16 Jul 2015
Doha: Qatar Red Crescent (QRC) has launched a humanitarian project for the displaced inside Syria.
Under the theme of ‘Honorable Life,’ the project involves building 2,200 clay houses that ensure stability, safety, and privacy for the inhabitants. The project will be conducted in cooperation with the United Nations.
During the press conference, Nayef bin Saad Al Mohannadi, Director of QRC Administrative Affairs and Human Resources Department, said, “This ambitious project seeks to provide adequate housing for displaced Syrian families, utilising QRC’s mandate as an internationally recognised and protected humanitarian organisation.”
“QRC focuses largely on shelter as a key component of relief intervention. QRC’s shelter services have so far benefited 15,250 Syrians in Jordan, 133,000 in Lebanon, 65,000 in Turkey, 34,000 in Iraqi Kurdistan, and 108,000 in Syria,” Al Mohannadi added.

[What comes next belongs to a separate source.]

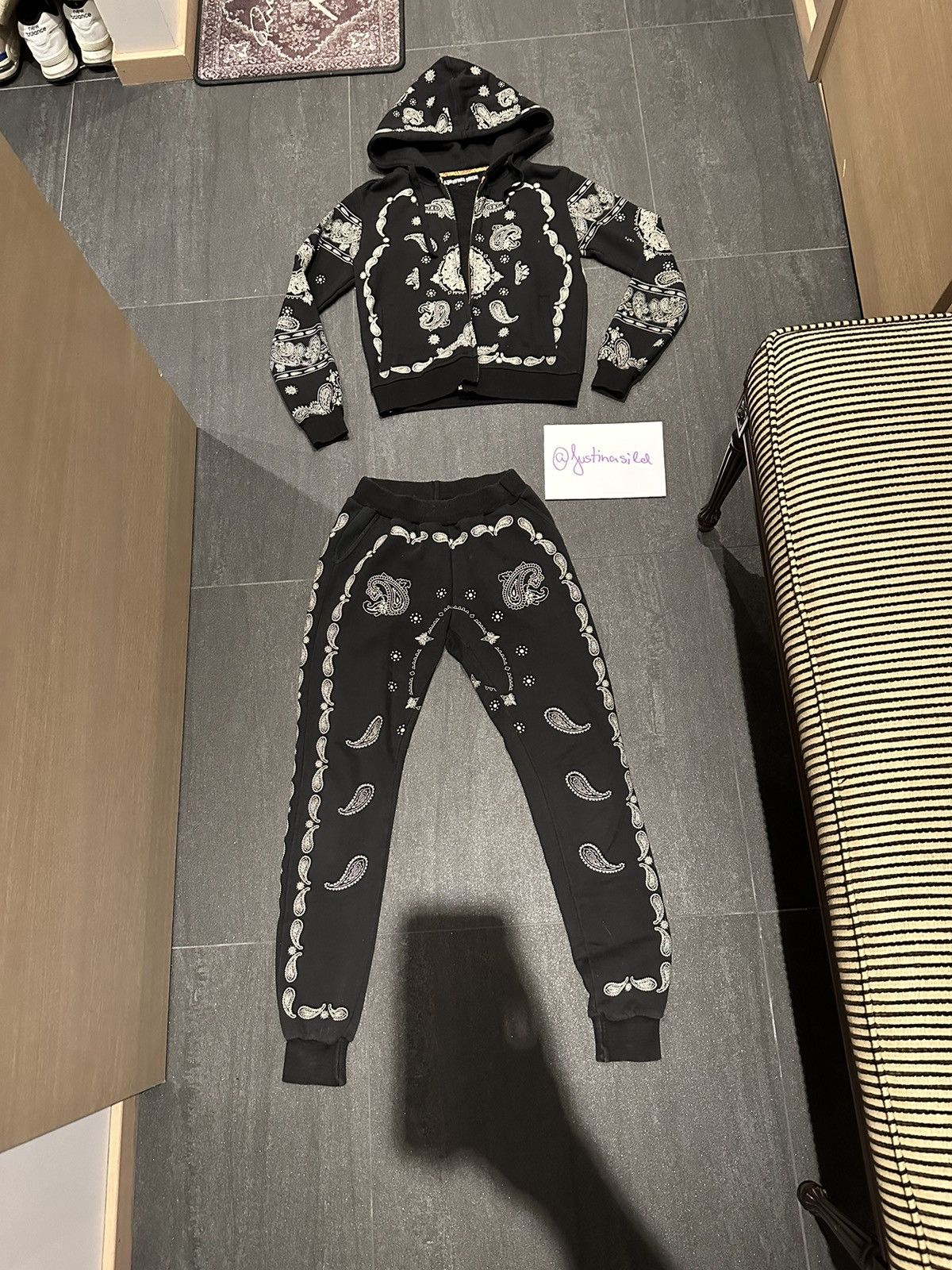 Denis Simachev Paisley print tracksuit Size S / US 4 / IT 40 - 1 Thumbnail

Saad Al Kaabi, Director of QRC Resource Mobilisation Department, remarked, “The 2,200 houses will be built using clay blocks from the natural environment in Syria. The first phase involves 100 houses for 600 people in Afes, Idlib. Consisting of two rooms, one kitchen, and one bathroom, each 36sqm house costs QR6,100, apart from the cost of land preparation and infrastructure.”
The project took one year in study, Al Kaabi clarified, and ensures that every family will have a separate house with all facilities. Unlike emergency shelter tents, these houses are fit to protect the families against heat in the summer and cold weather in the winter.
Aiham Al Sukhni, Head of QRC Disaster Management, said the tents and portacabins were found inadequate in terms of protection and privacy. A blueprint was developed by engineering consultancies and international organisations, to outline a feasible, suitable, and long-term solution. The clay blocks were found to provide protection, ventilation, privacy, and decent design.
A group of QRC volunteers are engaged in promoting the fundraising campaign to support the project, particularly among the youths. This unprecedented project will be followed by other side projects, and it is open for consideration and adoption by other local and international charitable organisations.
Among the major medium- and long-term outcomes of the project are accommodating the Syrian IDPs in the same environment as their home neighborhoods, slowing down the influx of Syrian refugees into the neighboring countries, and shifting from emergency shelter intervention to sustainable development by lower dependence on refugee camps.